We demonstrate that different views of an identical sample yield varying levels of similarity knowledge among categories. To enhance the diversity of non-target classes, we introduce a data augmentation strategy named DDA.
We propose NTCE-KD, a novel approach that enhances the significance of non-target classes in terms of both magnitude and diversity. We conduct extensive experiments on CIFAR-100 [11] and ImageNet-1k [12] across various teacher–student pairs, demonstrating our model’s significant superiority.

2. Related Work

Knowledge Distillation

Knowledge distillation, introduced by Hinton et al. [10], stands as an efficient model compression technique. Its core objective is to transfer the learned knowledge from a teacher model to a student model. Within the realm of knowledge distillation, two primary methods have gained significant attention: logit-based distillation and feature-based distillation.

Logit-based distillation methods [10] primarily focus on aligning the output logits of the teacher and student models. This approach offers a straightforward and practical solution for knowledge transfer. Conversely, feature-based distillation methods [13,14,15,16] emphasize the alignment of intermediate features extracted from the hidden layers of the teacher model. While these feature-based methods often demonstrate impressive performance, they tend to introduce significant computational overhead. This can render them impractical in scenarios where accessing intermediate features poses challenges.

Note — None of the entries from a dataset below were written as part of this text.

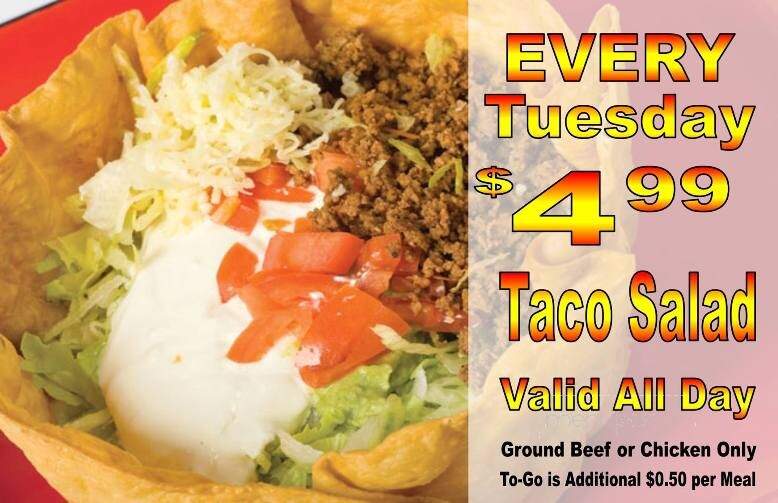 La Hacienda Mexican Restaurant - Stockbridge, GA menu_pic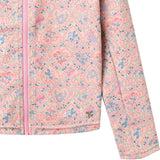 Wheat Pink Heart Flowers Swim T-shirt L/S Zip Ada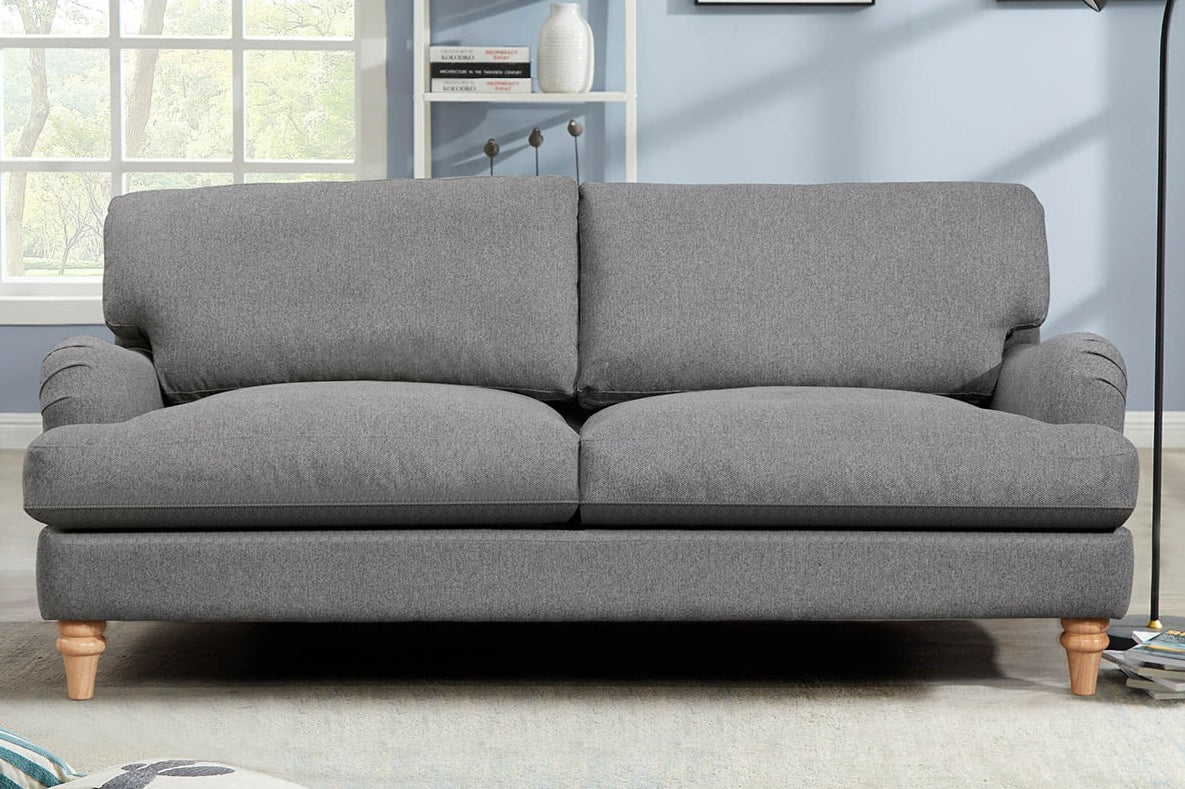 5 Seater Fabric Grey Sofa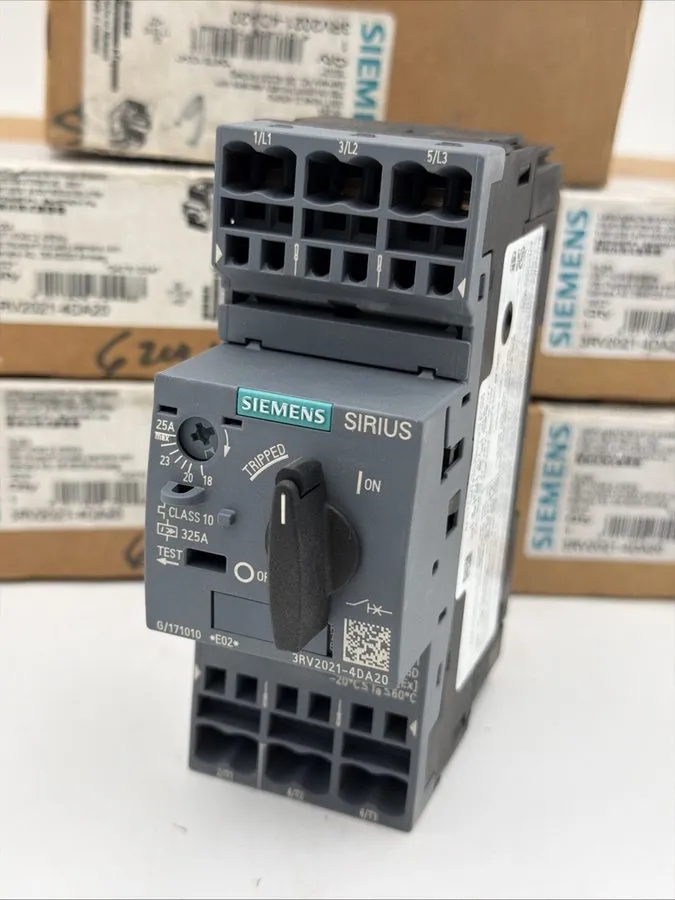Автоматический выключатель SIEMENS 3RV2021-4DA20 SIRIUS MOTOR PROTECTION CIRCUIT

Current logit-based distillation methods often require the student model to mimic the softmax-standardized soft labels of the teacher model, potentially overlooking knowledge within the non-target class. To improve knowledge transfer, certain adaptive logit-based distillation methods have been proposed, which may inadvertently increase the influence of the non-target class to some extent. ATS [17] employs a lower temperature for the target class compared to the non-target class. Several other approaches [18,19,20] adjust specific temperatures to globally scale the soft labels. However, these temperature-based methods are restricted to globally scaling soft labels, limiting their ability to flexibly explore knowledge within both target and non-target classes. DKD [21] aims to enhance the teacher’s soft labels by decoupling the target and non-target classes from KL divergence into a fixed proportion, but it lacks sample-wise enhancement for the non-target class. Moreover, the diversity of the non-target distribution remains underexplored. Recognizing these limitations, our NTCE-KD explicitly enhances the magnitude and diversity of the non-target, thereby amplifying the role of the non-target class.

3. Materials and Methods

3.1. Preliminaries

Consider a dataset of image classification containing N samples

{x_{n}, y_{n}}_{n = 1}^{N}

, where

x_{n} \in R^{H \times W}

is the n-th sample and

y_{n} \in [1, K]

is its corresponding label. The notations H, W are the height and width of the image, and K is the total class number of the dataset. Consider the teacher model

f_{T}

, the student model

f_{S}

, the logits of teacher

z_{n} = f_{S} (x_{n})

, and the logits of student

v_{n} = f_{T} (x_{n})

, where

z_{n}

and

v_{n} \in R^{1 \times K}

.

It is widely accepted that the predicted probability vectors

p (z_{n}, τ)

and

p (v_{n}, τ)

are standardized by softmax, and the k-th classes of these predicted probability vectors

p {(z_{n}, τ)}^{(k)}

and

p {(v_{n}, τ)}^{(k)}

are calculated as follows:

\begin{matrix} p {(z_{n}, τ)}^{(k)} = & \frac{exp (z_{n}^{(k)} / τ)}{\sum_{m = 1}^{K} exp (z_{n}^{(m)} / τ)}, \end{matrix}

(1)

\begin{matrix} p {(v_{n}, τ)}^{(k)} = & \frac{exp (v_{n}^{(k)} / τ)}{\sum_{m = 1}^{K} exp (v_{n}^{(m)} / τ)}, \end{matrix}

(2)

where

τ

is the temperature to soften the probability. Notably,

k = y_{n}

presents the target class of the probability vectors and

k \neq y_{n}

presents the non-target class.

Knowledge distillation aims to align the predicted probability vectors

p {(z_{n}, τ)}^{(k)}

of the student to the soft labels

p {(v_{n}, τ)}^{(k)}

for each class via KL divergence.

\begin{matrix} L_{K L} & = \sum_{n = 1}^{N} K L (p (v_{n}, τ) | | p (z_{n}, τ)) \\ = \sum_{n = 1}^{N} \sum_{k = 1}^{K} p {(v_{n}, τ)}^{(k)} log \frac{p {(v_{n}, τ)}^{(k)}}{p {(z_{n}, τ)}^{(k)}}, \end{matrix}

(3)

where

L_{K L}

is the knowledge distillation loss. The temperature

τ

is set greater than 1 to produce softer probability vectors for conveying more information.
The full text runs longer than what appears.